My living arrangements inPaducah that summer were somewhat unusual in that I lived in the men's dressing room next to the baptistery in the church building. The Stegers' oldest son—Rhodes—was about eight years old at the time, and he asked his mother and daddy if I took my baths in the baptistery! Well, of course, I did not, but it was a curiosity to a kid as to where I did bathe. The fact is that every afternoon I had a standing invitation with various ones of the four elders and other members to come by their home and use their bathroom to take a bath. When you are young, trying to save some money for continuing your college work, and planning to be married, you find innovative ways to reduce expenses! In fact, the living arrangement had been suggested by Robert Waller, Sr., one of the elders, with the hearty approval of the other elders and with the full knowledge and approval of the congregation.
During that summer in Paducah I had the opportunity to hear some very fine preachers as they conducted gospel meetings in the numerous congregations scattered throughout Western Kentucky—such men as H. A. Dixon, H. A. Fincher, Paul James Waller, Jewell Norman, and Frank Gould. All of these men became a great source of encouragement to me. Brother Dixon was the president of Freed-Hardeman College, and I had already studied for two years under him in Henderson, Tennessee. H. A. Fincher was the son-in-law of one of the Clements Street elders; Paul James Waller was the son of another elder. Fincher and I developed a friendship that extended for several years. Paul James Waller was an outstanding preacher who left us all too soon, dying of a heart attack when he was less than forty years old.
As a result of that one's summer's work in Paducah, I became acquainted with a number of the churches in that part of the state and have maintained a relationship with many of them.
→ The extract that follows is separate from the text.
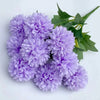 A bouquet of artificial lilac hydrangea flowers and green camellia leaves.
I have conducted numerous gospel meetings and spoken on various other occasions at several of the congregations. As I wrote a few years ago in my autobiography, "The Lord Has Been Mindful Of Me." His gracious hand of providence has been evident in so many of the things that have unfolded, and continue to unfold, in my life. Paducah, Kentucky was a part of that providential plan and it will always have a place in my heart.